Artists and creative professionals are emerging as crucial allies in the fight for truth. In an unique collaboration between a government agency and the visual arts, Sweden’s Psychological Defense Agency in May announced that it had commissioned Bildkonst Sverige, or Visual Arts Sweden, “to begin a landmark study into visual literacy's role in combating disinformation,” with a focus on fostering visual literacy in children and young people.
Magdalena Malm, director of Visual Arts Sweden tells VML Intelligence, “there has been almost no discussion of the fact that the image has replaced text as the foundational medium of communication. Nor has there been discussion about what this means for the skills needed to critically read and express oneself through images.”
Malm points out that “we consume images much faster than we read text. Because of this immediate impact, they tend to affect our emotions more. Secondly, our skills in reading images are so much weaker than our skills in reading text—and thus we are more vulnerable.”

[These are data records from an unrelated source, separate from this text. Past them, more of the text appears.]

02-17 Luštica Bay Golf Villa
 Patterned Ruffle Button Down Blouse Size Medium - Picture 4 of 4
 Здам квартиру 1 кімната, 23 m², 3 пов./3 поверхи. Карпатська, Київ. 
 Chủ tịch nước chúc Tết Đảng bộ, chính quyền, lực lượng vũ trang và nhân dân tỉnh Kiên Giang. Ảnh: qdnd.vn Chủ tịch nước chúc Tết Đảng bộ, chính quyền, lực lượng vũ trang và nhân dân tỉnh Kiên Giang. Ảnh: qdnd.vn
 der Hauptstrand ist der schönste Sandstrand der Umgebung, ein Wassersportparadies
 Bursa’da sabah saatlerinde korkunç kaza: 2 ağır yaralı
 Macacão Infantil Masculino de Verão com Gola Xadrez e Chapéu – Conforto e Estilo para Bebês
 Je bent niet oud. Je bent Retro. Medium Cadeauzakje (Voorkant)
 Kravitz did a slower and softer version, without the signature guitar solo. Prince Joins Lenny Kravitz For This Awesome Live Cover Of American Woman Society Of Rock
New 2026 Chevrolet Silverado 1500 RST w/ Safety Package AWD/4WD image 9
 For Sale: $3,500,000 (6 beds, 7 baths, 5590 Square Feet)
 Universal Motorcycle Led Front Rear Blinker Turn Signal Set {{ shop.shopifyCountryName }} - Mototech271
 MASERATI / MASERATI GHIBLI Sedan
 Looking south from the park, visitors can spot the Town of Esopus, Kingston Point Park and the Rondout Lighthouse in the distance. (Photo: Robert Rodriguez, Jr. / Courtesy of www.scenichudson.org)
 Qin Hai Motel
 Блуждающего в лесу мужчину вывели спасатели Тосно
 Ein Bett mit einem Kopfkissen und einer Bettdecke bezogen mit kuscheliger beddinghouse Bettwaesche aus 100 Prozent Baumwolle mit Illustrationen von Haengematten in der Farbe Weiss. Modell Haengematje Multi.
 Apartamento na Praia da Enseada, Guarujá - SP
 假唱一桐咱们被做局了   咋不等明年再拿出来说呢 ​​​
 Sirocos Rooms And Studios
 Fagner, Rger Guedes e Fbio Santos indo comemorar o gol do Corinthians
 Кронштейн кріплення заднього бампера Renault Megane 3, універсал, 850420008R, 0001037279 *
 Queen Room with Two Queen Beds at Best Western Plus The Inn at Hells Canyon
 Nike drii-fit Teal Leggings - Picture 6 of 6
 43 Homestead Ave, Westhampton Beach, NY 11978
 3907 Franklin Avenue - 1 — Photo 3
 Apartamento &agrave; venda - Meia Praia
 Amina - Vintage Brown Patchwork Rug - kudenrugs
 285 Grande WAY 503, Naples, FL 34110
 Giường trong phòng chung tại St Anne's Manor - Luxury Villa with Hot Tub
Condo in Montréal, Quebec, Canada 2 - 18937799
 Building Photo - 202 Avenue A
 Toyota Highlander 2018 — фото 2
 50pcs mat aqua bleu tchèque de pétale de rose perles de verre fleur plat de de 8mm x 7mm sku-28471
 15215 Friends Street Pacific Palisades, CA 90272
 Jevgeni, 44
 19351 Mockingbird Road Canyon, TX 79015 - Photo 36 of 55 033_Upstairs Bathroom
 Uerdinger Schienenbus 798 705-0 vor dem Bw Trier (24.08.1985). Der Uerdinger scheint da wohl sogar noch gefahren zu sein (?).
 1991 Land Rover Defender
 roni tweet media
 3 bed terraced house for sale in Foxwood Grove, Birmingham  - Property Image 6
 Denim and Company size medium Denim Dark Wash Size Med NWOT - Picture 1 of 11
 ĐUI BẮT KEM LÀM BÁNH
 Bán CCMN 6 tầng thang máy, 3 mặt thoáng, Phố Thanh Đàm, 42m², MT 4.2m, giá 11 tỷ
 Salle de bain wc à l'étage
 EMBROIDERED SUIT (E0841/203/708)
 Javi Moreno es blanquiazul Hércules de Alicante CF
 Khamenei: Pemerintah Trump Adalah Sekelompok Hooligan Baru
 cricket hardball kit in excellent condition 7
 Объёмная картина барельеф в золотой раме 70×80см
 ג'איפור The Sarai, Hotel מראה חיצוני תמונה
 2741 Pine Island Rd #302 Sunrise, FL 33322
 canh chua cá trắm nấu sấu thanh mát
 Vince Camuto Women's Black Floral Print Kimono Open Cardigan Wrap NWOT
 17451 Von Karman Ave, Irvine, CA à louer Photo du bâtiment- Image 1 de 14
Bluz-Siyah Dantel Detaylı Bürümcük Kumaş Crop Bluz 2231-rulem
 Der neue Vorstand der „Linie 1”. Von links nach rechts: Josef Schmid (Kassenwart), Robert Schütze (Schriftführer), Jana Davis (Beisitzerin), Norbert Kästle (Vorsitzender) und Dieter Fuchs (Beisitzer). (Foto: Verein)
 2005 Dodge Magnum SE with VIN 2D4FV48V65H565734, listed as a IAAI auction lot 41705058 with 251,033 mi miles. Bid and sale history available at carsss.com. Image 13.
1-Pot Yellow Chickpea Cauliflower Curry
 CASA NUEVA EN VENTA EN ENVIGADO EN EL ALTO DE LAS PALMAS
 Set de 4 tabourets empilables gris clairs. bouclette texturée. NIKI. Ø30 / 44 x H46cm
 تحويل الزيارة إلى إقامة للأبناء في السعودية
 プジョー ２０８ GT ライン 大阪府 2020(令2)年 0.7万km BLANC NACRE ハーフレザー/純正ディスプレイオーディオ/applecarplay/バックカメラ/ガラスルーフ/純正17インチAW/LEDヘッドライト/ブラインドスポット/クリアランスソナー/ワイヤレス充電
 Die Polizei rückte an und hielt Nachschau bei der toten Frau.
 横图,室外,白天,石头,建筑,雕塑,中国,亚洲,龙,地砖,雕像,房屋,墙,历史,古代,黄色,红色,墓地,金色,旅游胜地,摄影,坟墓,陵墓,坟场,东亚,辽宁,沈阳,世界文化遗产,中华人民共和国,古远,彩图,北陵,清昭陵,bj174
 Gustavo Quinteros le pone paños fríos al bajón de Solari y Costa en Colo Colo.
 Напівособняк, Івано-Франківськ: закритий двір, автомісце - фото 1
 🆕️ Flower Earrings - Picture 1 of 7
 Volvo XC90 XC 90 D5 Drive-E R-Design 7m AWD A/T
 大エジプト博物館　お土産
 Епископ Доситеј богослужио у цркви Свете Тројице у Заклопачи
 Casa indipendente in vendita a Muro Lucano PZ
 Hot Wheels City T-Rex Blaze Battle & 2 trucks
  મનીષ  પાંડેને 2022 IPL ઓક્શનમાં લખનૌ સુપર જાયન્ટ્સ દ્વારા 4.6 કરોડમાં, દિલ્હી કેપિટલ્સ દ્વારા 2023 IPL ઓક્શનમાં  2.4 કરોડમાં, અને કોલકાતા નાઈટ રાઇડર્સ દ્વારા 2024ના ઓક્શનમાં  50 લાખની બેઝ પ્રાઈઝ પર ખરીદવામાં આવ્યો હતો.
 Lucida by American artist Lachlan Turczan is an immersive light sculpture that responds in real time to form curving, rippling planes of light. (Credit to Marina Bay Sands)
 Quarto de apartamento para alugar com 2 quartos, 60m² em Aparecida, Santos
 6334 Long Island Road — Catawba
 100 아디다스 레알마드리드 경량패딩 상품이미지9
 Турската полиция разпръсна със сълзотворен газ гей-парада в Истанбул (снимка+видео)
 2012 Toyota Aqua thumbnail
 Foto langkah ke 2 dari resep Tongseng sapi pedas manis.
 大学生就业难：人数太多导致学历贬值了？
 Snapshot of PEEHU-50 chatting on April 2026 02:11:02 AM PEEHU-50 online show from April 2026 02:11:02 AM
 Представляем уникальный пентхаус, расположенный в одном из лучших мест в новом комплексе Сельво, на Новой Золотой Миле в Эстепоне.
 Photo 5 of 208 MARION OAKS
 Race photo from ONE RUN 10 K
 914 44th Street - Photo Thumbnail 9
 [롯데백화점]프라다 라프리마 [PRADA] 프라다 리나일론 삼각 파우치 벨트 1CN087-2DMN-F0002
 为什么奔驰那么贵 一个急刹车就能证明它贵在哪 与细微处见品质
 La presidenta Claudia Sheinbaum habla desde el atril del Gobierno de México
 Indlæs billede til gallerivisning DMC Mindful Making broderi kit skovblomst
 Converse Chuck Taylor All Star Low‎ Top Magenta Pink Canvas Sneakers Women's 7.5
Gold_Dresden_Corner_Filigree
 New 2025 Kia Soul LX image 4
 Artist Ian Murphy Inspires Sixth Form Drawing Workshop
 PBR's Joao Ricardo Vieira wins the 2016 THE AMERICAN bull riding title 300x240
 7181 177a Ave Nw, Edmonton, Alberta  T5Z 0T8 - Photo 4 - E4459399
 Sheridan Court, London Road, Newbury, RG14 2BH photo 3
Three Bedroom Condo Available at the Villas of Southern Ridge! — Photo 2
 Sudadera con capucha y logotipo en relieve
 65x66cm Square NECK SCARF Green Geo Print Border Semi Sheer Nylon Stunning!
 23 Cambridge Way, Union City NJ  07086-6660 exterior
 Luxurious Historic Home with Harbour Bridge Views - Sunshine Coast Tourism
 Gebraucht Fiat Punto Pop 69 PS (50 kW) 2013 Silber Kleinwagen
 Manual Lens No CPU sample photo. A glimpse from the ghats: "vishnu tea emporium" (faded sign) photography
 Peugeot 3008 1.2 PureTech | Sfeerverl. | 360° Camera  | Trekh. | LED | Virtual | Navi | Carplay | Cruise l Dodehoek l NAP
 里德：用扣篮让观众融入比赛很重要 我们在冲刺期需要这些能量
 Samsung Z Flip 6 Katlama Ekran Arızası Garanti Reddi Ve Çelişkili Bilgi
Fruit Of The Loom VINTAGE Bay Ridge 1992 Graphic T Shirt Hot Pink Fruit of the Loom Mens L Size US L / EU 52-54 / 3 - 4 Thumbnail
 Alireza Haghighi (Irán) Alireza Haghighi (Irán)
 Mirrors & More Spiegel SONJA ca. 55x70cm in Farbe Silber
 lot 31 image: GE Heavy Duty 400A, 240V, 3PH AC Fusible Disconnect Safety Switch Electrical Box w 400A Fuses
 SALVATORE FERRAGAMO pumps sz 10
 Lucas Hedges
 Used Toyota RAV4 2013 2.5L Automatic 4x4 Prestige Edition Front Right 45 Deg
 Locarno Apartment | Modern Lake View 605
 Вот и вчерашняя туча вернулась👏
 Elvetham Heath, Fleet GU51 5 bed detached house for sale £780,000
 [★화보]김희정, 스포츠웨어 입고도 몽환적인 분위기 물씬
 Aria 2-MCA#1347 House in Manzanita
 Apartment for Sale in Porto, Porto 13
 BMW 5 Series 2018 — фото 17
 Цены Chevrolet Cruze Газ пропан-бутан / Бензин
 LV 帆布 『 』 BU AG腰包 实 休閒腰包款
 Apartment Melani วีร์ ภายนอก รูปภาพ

She notes that the defense sector “understands” the need to critically read images - hence the collaboration on the study. “Artists and filmmakers possess a profound and in-depth knowledge of reading images, as well as composing them. If you understand how images are composed, and how image and text work together to change meaning, you will also recognize when they are staged or AI-manipulated. We see that this is a resource that has not been widely recognized.”